Mais ce ne sont pas là les seuls avantages que l’on retire de l’étude des Belles-Lettres. Il en est d’autres mille fois plus précieux sans doute ; tels que l’élévation, la noblesse et la sensibilité de l’âme, l’énergie et l’aménité du caractère, des mœurs douces et polies, des inclinations bienfaisantes et généreuses, l’amour de la justice et de l’humanité. Oui, les Belles-Lettres nous inspirent le goût des vertus morales, de la pratique desquelles dépendent l’harmonie et le bonheur de la société civile. Quand l’esprit est frappé des charmes de l’ordre et du beau, le cœur est plus susceptible de l’amour de l’honnête et du bon. Quand l’esprit se plaît à admirer les aimables et nobles traits qui caractérisent la vertu, le cœur est plus porté à l’aimer et à l’embrasser. On sait que les siècles d’ignorance ont été des siècles de barbarie, où la grossièreté des mœurs a enfanté les crimes les plus atroces, et les vices les plus monstrueux.

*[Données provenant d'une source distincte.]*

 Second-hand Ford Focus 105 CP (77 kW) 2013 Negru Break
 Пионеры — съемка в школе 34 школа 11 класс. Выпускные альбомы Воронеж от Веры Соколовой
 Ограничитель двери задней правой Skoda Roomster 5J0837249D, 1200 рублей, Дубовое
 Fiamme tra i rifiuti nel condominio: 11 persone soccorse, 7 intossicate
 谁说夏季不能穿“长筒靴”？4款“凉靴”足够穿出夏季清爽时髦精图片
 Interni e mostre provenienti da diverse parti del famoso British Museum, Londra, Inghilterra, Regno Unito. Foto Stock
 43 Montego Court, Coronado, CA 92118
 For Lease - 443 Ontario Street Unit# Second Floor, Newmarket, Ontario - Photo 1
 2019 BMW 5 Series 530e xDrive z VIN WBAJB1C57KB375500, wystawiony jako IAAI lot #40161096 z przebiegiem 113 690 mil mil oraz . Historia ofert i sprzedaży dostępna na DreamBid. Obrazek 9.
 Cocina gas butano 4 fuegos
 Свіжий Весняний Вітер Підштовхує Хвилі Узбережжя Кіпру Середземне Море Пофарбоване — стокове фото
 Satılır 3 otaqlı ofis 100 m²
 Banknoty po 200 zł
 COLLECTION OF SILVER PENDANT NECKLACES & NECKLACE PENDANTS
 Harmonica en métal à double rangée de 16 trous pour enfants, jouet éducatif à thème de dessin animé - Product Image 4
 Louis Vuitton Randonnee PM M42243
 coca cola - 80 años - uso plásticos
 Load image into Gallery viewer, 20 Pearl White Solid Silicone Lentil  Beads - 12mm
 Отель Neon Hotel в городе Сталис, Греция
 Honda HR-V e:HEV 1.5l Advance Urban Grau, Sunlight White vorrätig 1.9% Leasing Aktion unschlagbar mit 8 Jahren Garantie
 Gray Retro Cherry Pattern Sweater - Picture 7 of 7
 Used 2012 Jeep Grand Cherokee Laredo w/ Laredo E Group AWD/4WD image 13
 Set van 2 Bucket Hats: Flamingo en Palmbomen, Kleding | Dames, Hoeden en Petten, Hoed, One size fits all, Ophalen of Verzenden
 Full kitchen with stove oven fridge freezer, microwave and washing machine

Quelles ressources d’ailleurs n’offrent point les Belles-Lettres contre l’ennui, ce fardeau, ce poison de l’âme, qui bien souvent en est accablée et dévorée, dans le centre même des plaisirs les plus piquants et les plus variés ! Le possesseur des trésors littéraires n’a point à craindre de se trouver avec lui-même. Combien de fois au contraire ne préfère-t-il pas l’humble silence de la retraite, à l’éclat bruyant des sociétés ! Les Belles-Lettres servent, comme l’a si bien dit Cicéron après Aristote, d’ornement dans la prospérité, et de consolation dans l’adversité. L’homme qui les cultive dans le sein de l’opulence et des honneurs, n’en est que plus heureux et plus grand à nos yeux ; ses dignités en reçoivent un nouveau lustre. Celui qui, victime des caprices du sort, ou des complots des méchants, (les exemples en sont-ils bien rares ?) paraît condamné à traîner, loin des hommes, une existence pénible et pleine d’amertume, puise dans les Lettres un courage ferme et d’abondantes consolations : elles lui font oublier ses disgrâces, ses revers, et lui tiennent lieu d’amis, de rang et de fortune. Le jeune-homme y trouve le véritable aliment de l’esprit ; le vieillard languissant un exercice qui l’amuse, et qui l’allège du poids de ses infirmités.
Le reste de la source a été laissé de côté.